Leaves: spread widely and look more or less the same whether wet or dry. Length 1.5–2mm, triangular-shaped but at the point they attach, are narrower and heart-shaped. Margins are finely toothed and, on closer inspection, the leaves appear wrinkled due to the shallow folds along their length.
Shoots/stems: generally pale yellow-green, pinnately branched with branches spreading almost at right angles. The shoots look rigid owing to the straight nature of the stems and branches.
Sporophytes (spore capsules): occasionally present, 2–3mm long with a beaked lid.
Not to be confused with: other branched (pleurocarpous) mosses in woodlands which can look quite superficially similar. Loeskeobryum brevirostre is very similar, and another species of old-woodlands, but has reddish stems and tiny leaf-like structures on the stem.
Common striated feather-moss loves the cool conditions in the UK where it is fairly widespread and common. Globally, it also grows in mainland Europe and Russia.
It favours long-established woodland where it grows on the ground and around stones, particularly on base-rich soils, such as in ash woodlands.
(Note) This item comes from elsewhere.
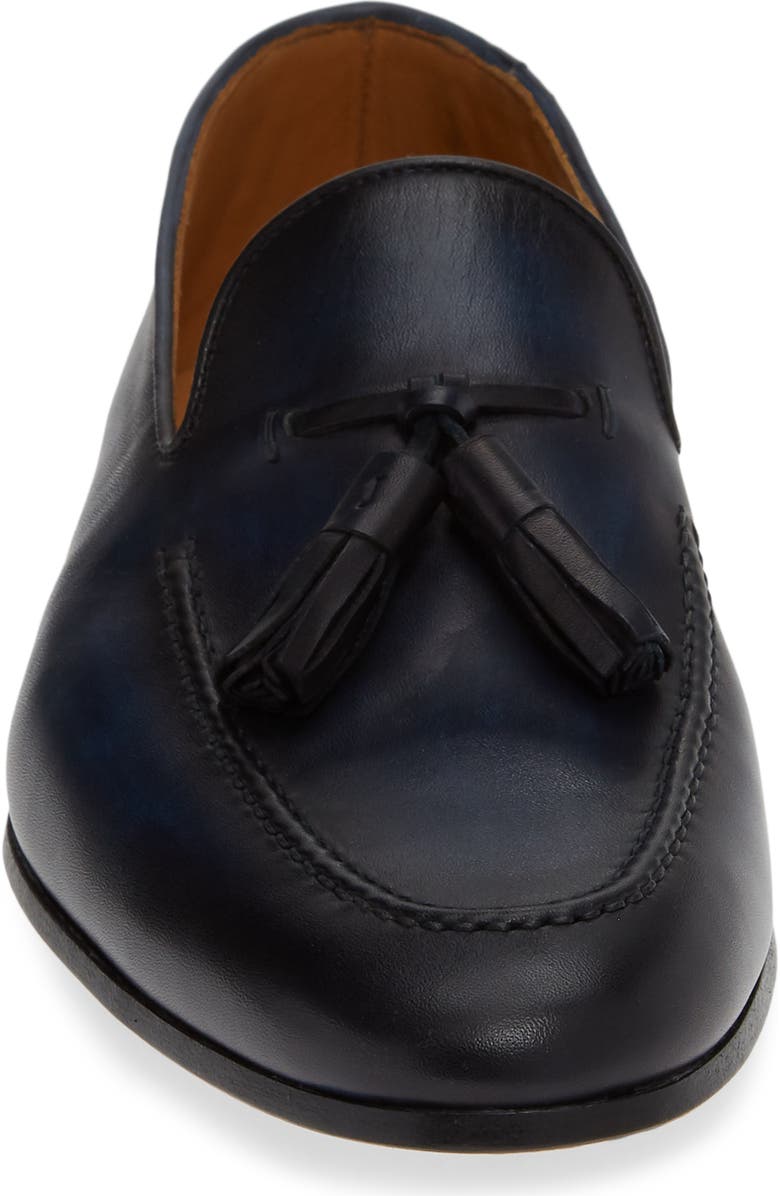 Magnanni Tavares Tassel Loafer, Alternate, color, Navy Leather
It also grows in hedge banks, rocky ground and on rock ledges as long as they are not exposed to full sun.
The striatum part of its scientific name relates to the stripes that distinguish it from similar species.
Credit: Marko König / Alamy Stock Photo
Moss offers habitats for other plants, insects, frogs and fungi. Some larvae of micro-moths and lace bugs feed only on moss. Other insects hunt among moss for prey. The insects from moss also feed bats and birds. Squirrels use moss to line their dreys and dormice hibernate in nests made beneath moss.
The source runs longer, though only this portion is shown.